# KS-2 Question



## dcfc3579 (Nov 26, 2009)

Another little puzzle I hope someone can assist me with.  

 According to Rudy Kuhn's Poison Bottle Workbook KS-2 bottles come in Cobalt, Amber, Light Blue, and Moss Green. 

 I have what appears to be a KS-2 bottle in Clear (see picture). Is this a new variant ? If so, how rare is it ?

 The  bottle is 31/4" tall, has two sides embossed the same as a KS-2, with the other two blank.
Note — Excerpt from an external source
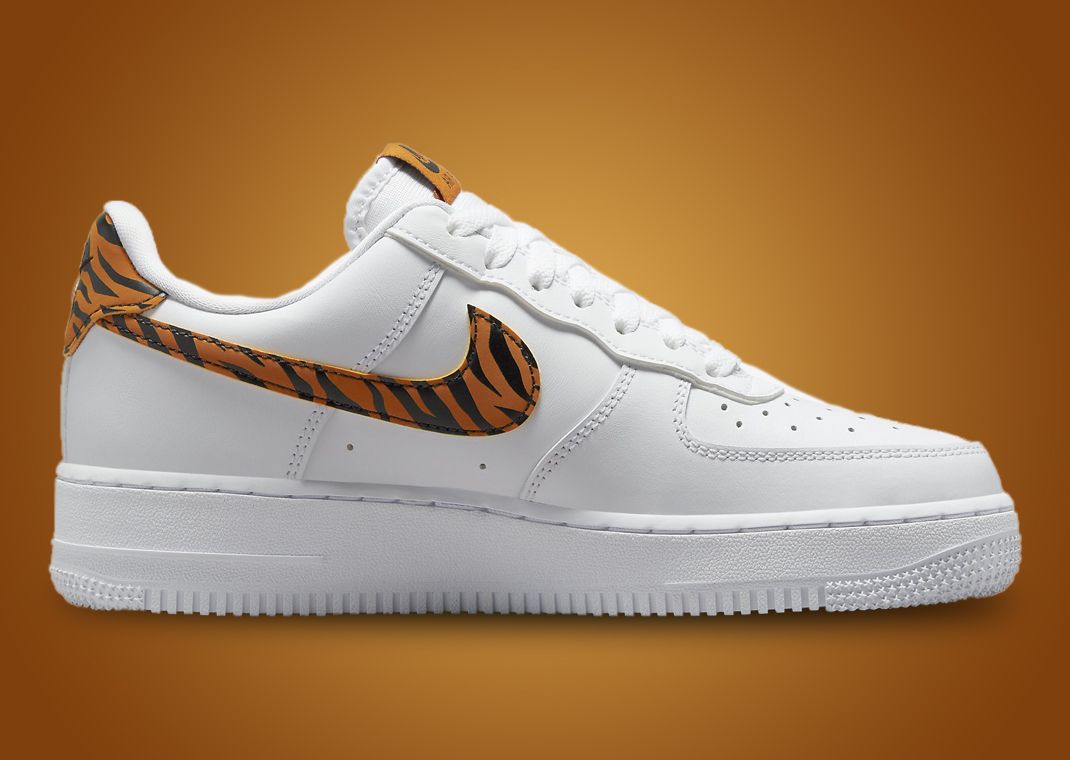 Earn Your Stripes With This Nike Air Force 1 Low Tiger Stripe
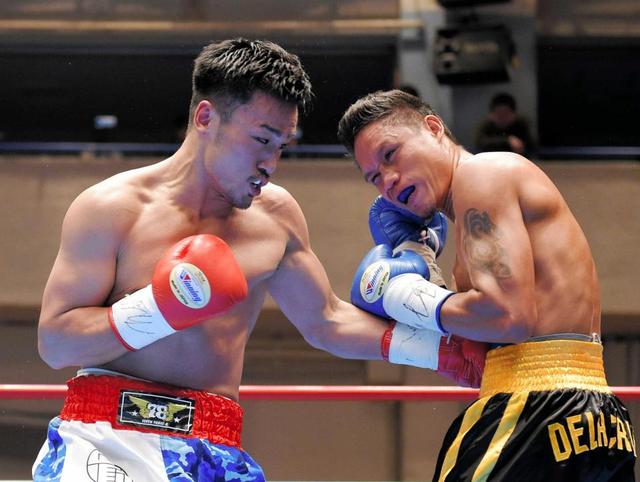 高山が宣言通りのＫＯ勝利で暫定王者に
There does not appear to be any embossing on the bottom.  Please let me know.  Thanks.


----------



## Poison_Us (Nov 27, 2009)

They do come in clear.  Moss only came in the larger sizes.  In fact, we are after a clear example still in this size.  We have had to let go a few on ebay as they were asking way more that what they are worth.
 If you want a more complete poison reference, you will need all 3 Kuhn workbooks and the American Poison book from the APBCA. There are a few american items in the Kuhns books that are not in the APBCA book as they have never seen examples with a label saying they were a poison, so they have been omitted pending further proof...and the pricing in the Kuhns books are way off for todays market (except for the very common bottles) Now, all 4 together wont have everything.  New issues, sizes and colors are found all the time.  We have a few bottles not listed as well.  

 Here are a few tidbits of this bottle:

 They come in BIMAL and ABM.  Colors: Cobalt, Amber, clear, Cornflower, Moss
 Sizes range from 3 1/4 to 7 3/4
 3 1/4 is relitively common and all the larger sizes are very rare.


----------



## dcfc3579 (Nov 28, 2009)

Thank you for all of your help !!!!


----------